As I have mentioned before, I like running queries directly from R, so I can analyze the results directly. One downside of this is that sometimes there are queries that take a few minutes to finish, so I would be better saving the result and reading it from disk, but if I have to modify anything in the SQL syntax I also have to replace the previous file with the results. That defeats the purpose of running the entire thing from R.
So I have resorted to something very simple but effective:
library(digest)
get_db_or_cache <- function(query, get_db_function,
cachefolder = '/tmp/', verbose = FALSE) {
hash <- sha1(query)
filepath <- file.path(cachefolder, sprintf("%s.Rda", hash))

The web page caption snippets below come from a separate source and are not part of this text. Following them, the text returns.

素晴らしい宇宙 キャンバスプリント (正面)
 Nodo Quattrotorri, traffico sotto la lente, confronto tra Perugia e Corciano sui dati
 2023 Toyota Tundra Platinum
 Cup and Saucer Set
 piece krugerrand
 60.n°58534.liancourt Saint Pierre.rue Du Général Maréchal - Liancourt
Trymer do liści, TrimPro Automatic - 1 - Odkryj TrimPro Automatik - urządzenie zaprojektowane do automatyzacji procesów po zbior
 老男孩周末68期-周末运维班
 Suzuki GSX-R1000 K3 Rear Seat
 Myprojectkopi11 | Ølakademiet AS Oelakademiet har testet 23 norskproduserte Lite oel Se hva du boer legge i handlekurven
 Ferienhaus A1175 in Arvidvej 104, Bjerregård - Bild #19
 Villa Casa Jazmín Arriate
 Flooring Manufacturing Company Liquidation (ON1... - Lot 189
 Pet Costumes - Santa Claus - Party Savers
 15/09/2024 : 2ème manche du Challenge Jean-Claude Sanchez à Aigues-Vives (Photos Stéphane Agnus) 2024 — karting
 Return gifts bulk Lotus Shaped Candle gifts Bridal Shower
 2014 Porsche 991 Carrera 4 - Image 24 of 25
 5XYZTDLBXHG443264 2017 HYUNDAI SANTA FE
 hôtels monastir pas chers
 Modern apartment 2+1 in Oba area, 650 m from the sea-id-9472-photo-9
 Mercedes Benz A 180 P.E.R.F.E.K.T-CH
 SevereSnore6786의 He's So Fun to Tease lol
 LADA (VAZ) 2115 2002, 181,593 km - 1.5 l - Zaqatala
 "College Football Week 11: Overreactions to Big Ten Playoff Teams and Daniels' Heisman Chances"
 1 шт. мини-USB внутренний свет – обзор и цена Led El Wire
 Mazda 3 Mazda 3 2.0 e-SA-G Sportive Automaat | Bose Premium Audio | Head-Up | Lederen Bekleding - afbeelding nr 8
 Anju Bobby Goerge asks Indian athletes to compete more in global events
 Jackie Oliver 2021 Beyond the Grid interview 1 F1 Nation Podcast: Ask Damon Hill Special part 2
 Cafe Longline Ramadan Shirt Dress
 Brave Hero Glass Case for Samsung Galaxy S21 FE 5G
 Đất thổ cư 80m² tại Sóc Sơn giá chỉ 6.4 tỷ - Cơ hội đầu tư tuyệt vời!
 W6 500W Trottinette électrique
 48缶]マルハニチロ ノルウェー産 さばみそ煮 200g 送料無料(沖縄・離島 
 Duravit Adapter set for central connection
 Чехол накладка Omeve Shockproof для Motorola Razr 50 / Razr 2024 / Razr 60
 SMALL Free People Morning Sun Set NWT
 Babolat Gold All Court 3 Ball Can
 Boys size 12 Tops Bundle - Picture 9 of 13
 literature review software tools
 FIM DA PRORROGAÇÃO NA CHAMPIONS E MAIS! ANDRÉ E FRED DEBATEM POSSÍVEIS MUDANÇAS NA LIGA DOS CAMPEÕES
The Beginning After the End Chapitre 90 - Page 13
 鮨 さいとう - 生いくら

if (file.exists(filepath)) {
load(filepath)
if (verbose) {
cat(sprintf("Data loaded from %s\n"), filepath)
}
} else {
res <- get_db_function(query)
save(res, file = filepath)
if (verbose) {
cat(sprintf("Data saved to %s\n", filepath))
}
}
return(res)
}
In the above example, get_db_function
is any of the functions that I mentioned
in the article that I linked above. For example:
get_vertica <- function(query) {
vDriver <- JDBC(driverClass = "com.vertica.jdbc.Driver",
classPath = "/path/to/jdbc_driver.jar")
vertica <- dbConnect(vDriver, "jdbc:vertica://hostname:port/dbname",
"username", "password")
dd <- dbGetQuery(vertica, query)
dbDisconnect(vertica)
}
The query will run the first time I use it, and as long as I don't modify it I'll get the same results immediately. This assumes that this is an intended effect, which may not be true in all cases. Some modifications can be made (for instance, return the cached result only if it's not older than N hours), but you get the idea.